Slope Point is the southernmost tip of New Zealands South Island. It lies 4800 km (2982 mi) from the South Pole and 5100 km (3168 mi) from the equator, so its regularly exposed to unimaginable weather conditions. The air stream loops that travel over the Southern Ocean uninterrupted for 3200 km (2000 mi) make landfall at Slope Point, making for consistently extreme winds. And yet, even in this uniquely harsh environment, extraordinary beauty can be found.
The extreme winds that batter Slope Point are so strong and consistent that the trees that grow there are molded into strangely and beautifully twisted forms. The trees themselves would not exist there if not for the sheep farmers that live nearby. Although Slope Point itself is almost uninhabited and is only reachable my foot, nearby farmers sheep graze there. The farmers raised small groves of hardy trees to offer their livestock some respite from the strong winds.
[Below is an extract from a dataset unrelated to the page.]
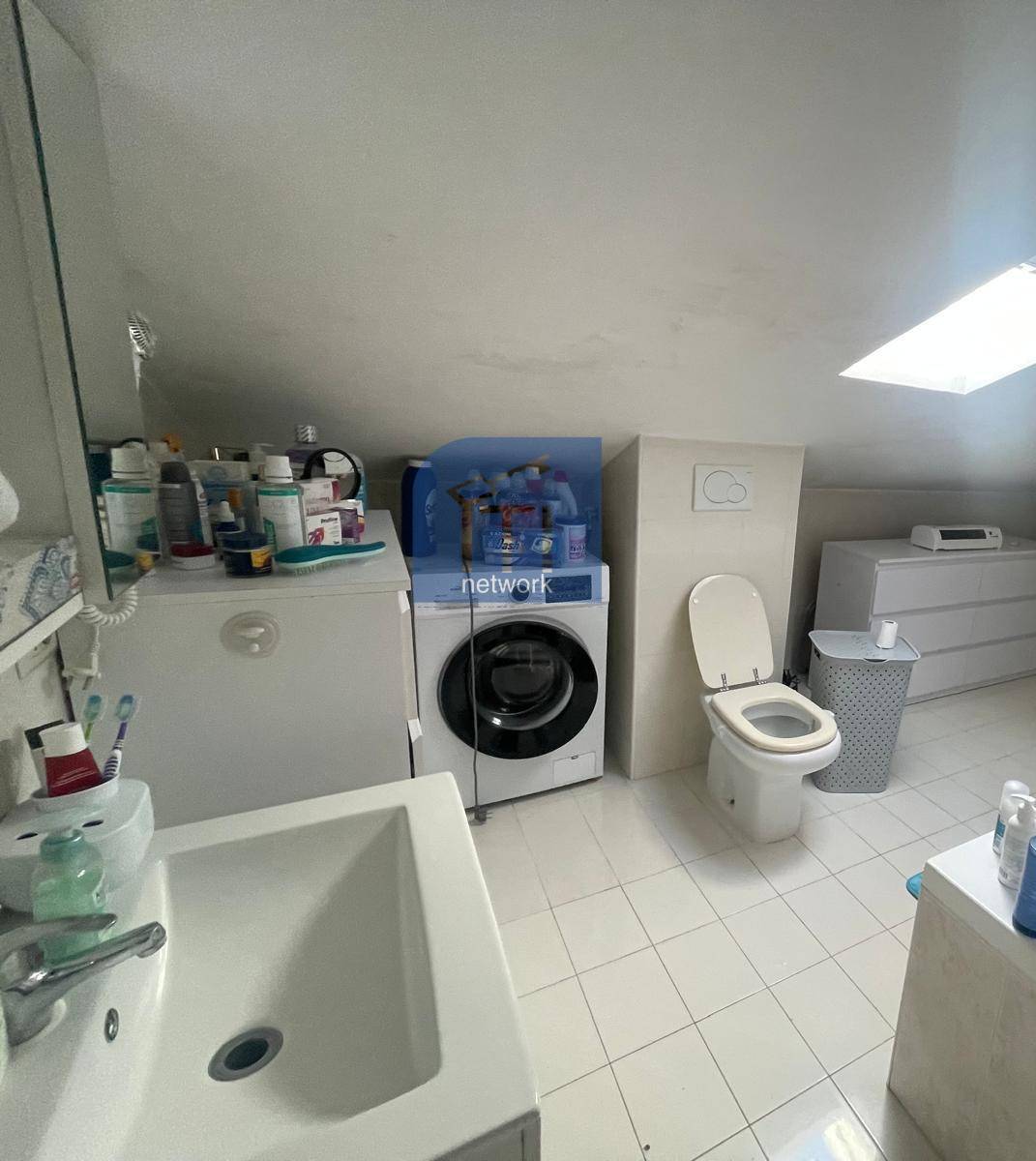 Attico/Mansarda in vendita a Ardea, Marina Di Ardea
Writer Trevor Cree described the area like this: It is not a wind that will necessarily break and snap at will, although clearly it can, it is its sheer relentlessness, like a gnawing toothache, that never ceases until total submission from the victim is achieved.
(Excerpt) Read more at boredpanda.com ...
wow. not a place for rubber boats thats for sure
From my perspective, that’s a nice, warm, calm predictable climate at a low elevation. Looks comfortable and arable. So sheep can live without shelter there. That’s something. Here, last night, 100+ mph gusts from various westerly directions with temps below 20 F and a little spraying ice. No trees here. Before long, it will be way below 0 with windy days most of the time. Many days with gusts over 80 mph and a few each winter with gusts over 100 carrying the spraying ice.
There’s nothing between Antarctica and NZ but open ocean.
That sign is a little off. In Google Earth I get latitude and longitude of 46 40 30 S and 169 00 07 E . Well, who knows, right?
But I also measured the distances and got 5171 and 4831, vs.
5140 and 4803 on the sign. The polar circumference is 40008, which I hit on the nose with Google Earth, finding 10002 for one quarter of it. Honestly, I did not have this number in mind when I made the measurements! The sign values add to 9943, of course.
Only after I looked it up did I recall that the original definition of the meter was the distance from the north pole to the equator, through Paris, of course!
BTW, this latitude corresponds almost exactly to Duluth, MN, mutatis mutandis.
Also BTW, when I was dragging the GE “ruler” to the south pole, I went directly through New Zealand’s Scott Base, adjacent to McMurdo Station.
(Ahem)
Between Rockport and Fulton, Texas
"This part of the Texas coastline also features large windswept mottes of live oaks. The beauty of each tree has been slowly shaped and carved by the prevailing winds along this part of the coastline. Though short in stature and bent by the wind they still hold for us a unique stately grace."
Beautiful.
I was trying to account for this discrepancy, and I did find that if the correct values in miles were converted to kilometers using a factor of 1.6 instead of the more correct 1.60934, we should recover the correct sum in kilometers by multiplying 9943 by 1.60934/1.6, and in fact this comes to 10001.04, so I'm gonna say that's it and call it a day.